=== Begin Enclosure ===
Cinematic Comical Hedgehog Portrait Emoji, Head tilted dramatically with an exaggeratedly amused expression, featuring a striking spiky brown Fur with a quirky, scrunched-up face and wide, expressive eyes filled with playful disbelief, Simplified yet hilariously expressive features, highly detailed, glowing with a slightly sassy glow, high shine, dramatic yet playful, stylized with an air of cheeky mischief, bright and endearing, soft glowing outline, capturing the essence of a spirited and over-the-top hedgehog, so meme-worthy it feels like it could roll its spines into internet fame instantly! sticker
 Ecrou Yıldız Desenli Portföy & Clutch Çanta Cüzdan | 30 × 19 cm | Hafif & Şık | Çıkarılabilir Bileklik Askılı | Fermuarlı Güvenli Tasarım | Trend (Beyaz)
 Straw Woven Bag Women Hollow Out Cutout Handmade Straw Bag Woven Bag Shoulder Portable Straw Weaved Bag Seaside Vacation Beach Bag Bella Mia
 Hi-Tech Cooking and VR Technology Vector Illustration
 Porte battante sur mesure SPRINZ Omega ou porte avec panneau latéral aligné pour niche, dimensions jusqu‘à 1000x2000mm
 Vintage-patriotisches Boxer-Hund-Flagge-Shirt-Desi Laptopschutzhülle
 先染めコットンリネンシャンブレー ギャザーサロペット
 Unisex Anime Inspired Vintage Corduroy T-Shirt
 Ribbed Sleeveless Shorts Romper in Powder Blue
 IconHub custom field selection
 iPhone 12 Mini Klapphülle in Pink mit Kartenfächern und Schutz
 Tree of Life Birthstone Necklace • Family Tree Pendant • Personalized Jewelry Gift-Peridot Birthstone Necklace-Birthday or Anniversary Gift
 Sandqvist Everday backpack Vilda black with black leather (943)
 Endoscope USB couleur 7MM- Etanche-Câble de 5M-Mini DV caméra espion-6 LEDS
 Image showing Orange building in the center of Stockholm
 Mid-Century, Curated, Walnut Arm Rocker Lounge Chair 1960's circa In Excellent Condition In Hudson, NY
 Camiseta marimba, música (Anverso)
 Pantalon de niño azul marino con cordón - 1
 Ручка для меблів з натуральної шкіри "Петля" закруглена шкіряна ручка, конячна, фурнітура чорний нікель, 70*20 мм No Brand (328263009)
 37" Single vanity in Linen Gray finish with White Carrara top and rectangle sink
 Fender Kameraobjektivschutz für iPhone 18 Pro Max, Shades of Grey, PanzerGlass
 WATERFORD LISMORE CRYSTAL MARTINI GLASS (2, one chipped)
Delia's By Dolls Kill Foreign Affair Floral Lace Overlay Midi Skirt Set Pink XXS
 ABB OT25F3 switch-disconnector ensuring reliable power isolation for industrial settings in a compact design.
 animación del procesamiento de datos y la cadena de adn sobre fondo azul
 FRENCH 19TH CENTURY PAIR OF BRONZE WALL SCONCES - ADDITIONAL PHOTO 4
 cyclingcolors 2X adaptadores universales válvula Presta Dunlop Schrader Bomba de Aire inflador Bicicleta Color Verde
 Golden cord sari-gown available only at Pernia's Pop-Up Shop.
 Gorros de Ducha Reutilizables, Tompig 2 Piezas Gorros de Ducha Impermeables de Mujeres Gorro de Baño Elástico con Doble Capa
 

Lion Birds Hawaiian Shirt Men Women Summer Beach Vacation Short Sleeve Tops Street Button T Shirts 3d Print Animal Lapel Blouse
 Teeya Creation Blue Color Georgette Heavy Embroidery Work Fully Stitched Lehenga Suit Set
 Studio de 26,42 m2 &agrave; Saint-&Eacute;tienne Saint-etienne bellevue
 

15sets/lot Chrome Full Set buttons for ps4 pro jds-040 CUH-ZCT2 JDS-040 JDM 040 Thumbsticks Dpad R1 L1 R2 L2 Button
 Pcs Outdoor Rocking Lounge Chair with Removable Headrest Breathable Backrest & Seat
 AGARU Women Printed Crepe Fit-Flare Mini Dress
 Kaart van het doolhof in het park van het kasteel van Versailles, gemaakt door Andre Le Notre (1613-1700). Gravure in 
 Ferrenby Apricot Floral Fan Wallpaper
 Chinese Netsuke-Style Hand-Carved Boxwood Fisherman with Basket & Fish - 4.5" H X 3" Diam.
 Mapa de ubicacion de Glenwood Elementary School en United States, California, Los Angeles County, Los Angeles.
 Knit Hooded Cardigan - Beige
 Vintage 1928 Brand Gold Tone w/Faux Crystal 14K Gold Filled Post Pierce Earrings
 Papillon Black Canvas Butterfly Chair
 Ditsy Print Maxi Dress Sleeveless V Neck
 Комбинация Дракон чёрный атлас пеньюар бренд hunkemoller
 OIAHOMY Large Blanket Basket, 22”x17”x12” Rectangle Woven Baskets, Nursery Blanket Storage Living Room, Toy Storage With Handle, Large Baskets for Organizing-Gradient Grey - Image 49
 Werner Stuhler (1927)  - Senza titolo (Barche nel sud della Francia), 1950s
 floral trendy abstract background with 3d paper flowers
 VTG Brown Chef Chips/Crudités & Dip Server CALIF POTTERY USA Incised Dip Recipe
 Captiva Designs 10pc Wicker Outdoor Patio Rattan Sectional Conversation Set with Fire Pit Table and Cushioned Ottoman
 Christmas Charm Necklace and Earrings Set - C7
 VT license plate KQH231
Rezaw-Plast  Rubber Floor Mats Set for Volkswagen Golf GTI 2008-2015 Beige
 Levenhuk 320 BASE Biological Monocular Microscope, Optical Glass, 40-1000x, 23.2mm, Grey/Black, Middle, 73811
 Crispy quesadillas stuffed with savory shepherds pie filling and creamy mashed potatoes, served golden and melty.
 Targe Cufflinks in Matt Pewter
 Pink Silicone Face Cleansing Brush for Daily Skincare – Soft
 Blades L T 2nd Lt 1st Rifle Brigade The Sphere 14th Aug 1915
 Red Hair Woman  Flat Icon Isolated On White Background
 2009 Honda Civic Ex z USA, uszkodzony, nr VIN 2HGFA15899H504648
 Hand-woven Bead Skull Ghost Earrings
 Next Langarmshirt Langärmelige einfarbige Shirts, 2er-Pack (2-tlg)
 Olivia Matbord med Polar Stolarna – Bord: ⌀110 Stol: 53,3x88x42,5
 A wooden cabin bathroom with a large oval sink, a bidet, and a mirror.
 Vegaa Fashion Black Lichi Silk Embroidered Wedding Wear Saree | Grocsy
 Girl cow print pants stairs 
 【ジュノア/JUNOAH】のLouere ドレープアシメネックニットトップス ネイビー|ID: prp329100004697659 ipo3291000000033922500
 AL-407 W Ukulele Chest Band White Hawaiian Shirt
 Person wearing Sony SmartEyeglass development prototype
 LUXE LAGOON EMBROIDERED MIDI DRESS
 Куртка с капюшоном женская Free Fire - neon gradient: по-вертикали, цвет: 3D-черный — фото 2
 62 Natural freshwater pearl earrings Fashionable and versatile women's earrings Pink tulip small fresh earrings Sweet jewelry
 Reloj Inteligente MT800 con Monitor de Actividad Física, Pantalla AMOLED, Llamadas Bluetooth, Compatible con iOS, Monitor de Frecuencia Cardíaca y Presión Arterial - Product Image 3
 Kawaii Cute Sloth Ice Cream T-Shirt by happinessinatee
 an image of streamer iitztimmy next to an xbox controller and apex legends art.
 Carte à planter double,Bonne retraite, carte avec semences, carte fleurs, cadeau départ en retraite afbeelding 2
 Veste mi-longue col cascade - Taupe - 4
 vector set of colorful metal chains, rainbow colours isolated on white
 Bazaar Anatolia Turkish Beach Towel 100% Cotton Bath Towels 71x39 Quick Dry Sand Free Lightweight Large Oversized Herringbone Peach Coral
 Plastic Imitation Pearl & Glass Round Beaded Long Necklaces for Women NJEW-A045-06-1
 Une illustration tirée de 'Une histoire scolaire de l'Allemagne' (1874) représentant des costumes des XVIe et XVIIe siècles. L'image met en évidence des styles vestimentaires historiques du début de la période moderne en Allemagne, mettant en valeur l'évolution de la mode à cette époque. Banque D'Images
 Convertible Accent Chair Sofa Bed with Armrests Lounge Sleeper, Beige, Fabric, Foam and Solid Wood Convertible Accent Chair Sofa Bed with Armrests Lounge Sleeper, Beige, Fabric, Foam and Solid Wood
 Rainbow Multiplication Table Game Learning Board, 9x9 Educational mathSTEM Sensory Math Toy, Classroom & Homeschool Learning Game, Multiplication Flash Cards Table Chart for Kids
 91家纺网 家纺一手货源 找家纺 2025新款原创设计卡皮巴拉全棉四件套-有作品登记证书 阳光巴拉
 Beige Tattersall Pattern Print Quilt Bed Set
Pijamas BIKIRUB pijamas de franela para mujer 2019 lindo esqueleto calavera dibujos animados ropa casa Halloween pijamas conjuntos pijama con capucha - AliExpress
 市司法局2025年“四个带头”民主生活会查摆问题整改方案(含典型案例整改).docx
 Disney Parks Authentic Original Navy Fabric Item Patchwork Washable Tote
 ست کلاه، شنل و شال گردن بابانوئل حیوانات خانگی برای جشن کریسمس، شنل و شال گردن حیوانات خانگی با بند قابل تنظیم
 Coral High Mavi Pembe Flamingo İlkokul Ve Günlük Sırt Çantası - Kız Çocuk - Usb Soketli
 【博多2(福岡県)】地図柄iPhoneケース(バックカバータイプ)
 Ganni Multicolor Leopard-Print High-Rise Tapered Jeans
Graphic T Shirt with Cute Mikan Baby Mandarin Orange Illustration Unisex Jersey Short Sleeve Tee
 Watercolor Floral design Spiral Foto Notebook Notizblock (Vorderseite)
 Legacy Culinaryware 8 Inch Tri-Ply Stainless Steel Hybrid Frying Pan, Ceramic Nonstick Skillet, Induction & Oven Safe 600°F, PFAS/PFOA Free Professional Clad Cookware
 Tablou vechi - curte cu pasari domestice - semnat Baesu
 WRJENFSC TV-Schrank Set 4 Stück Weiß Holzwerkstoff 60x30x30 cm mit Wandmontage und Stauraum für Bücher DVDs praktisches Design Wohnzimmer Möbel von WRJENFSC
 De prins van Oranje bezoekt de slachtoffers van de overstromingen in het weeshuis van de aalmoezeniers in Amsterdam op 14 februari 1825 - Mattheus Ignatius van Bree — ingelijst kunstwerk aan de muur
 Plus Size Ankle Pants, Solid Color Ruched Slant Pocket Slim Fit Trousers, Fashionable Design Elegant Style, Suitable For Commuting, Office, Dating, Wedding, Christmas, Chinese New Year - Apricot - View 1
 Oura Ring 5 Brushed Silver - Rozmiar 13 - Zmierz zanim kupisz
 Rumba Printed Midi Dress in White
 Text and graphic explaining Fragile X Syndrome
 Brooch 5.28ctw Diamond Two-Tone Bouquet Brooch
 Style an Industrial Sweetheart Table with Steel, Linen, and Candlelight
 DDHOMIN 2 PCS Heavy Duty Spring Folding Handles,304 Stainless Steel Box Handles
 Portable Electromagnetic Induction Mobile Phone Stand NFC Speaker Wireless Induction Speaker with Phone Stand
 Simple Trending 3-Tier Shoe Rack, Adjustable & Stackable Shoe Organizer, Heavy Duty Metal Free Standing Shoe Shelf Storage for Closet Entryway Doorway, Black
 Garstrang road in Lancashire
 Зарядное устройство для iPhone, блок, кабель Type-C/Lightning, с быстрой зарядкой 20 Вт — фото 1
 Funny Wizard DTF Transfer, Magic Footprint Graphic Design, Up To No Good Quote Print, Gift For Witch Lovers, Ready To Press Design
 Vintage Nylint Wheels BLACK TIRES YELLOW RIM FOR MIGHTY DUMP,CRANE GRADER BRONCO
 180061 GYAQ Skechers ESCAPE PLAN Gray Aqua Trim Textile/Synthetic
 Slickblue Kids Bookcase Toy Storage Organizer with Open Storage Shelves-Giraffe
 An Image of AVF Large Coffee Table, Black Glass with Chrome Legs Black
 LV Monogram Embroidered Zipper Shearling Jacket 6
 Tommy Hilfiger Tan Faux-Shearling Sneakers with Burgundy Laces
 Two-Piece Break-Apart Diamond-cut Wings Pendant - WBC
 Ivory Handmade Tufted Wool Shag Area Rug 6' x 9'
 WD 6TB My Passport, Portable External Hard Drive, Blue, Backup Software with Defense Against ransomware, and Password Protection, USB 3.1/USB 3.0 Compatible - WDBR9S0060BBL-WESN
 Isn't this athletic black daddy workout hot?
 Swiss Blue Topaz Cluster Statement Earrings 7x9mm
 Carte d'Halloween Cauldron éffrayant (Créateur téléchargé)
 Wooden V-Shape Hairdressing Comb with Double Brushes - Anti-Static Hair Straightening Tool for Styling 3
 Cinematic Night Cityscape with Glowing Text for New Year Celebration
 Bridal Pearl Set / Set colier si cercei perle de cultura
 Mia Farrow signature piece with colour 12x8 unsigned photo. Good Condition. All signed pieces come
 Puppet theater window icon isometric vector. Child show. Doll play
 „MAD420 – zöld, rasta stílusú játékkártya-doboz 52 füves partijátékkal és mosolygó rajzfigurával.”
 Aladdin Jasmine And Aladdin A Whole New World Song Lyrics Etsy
=== End Enclosure ===
**Task to carry out**
Reproduce without change every line of the entries above, from the one containing "Cinematic Night Cityscape" through the last.

**Result of this task**
 Cinematic Night Cityscape with Glowing Text for New Year Celebration
 Bridal Pearl Set / Set colier si cercei perle de cultura
 Mia Farrow signature piece with colour 12x8 unsigned photo. Good Condition. All signed pieces come
 Puppet theater window icon isometric vector. Child show. Doll play
 „MAD420 – zöld, rasta stílusú játékkártya-doboz 52 füves partijátékkal és mosolygó rajzfigurával.”
 Aladdin Jasmine And Aladdin A Whole New World Song Lyrics Etsy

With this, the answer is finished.